Let’s be honest, pregnancy can wreak havoc on the musculoskeletal system and the back is no exception. During pregnancy, the breasts and belly expand and that extra weight pulls the shoulders and upper back forward. Simultaneously, the lower back begins to curve inward to compensate for the shift in the expecting woman’s center of gravity. As this change occurs, the muscles and ligaments in the lower back become shorter, tighter, weaker, and achy, and women begin to experience back pain.

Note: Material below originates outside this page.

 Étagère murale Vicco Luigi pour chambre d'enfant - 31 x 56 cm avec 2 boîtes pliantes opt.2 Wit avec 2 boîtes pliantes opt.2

To prevent or manage upper and lower back pain in pregnancy, be prepared to exert some effort and commitment to your goal of feeling better. Creating a weekly routine that involves some of the suggestions below will put you on the right track. Before engaging in any activity while pregnant, remember to always check with your midwife or OB/GYN first.
Tips to Help Reduce Back Pain in Pregnancy
Sitting up straight with your shoulders back is always the best way to sit but even more so when you are pregnant. To avoid upper back discomfort you must compensate for the forward roll of your shoulders by bringing them back and down. Losing some core strength during pregnancy in unavoidable but good posture will help maintain what you still have. Proper posture also helps your baby align in a better position for birth. “Slouchers” are at higher risk for their babies engaging in a sub-optimal position that can lead to a longer and more uncomfortable labor and birth.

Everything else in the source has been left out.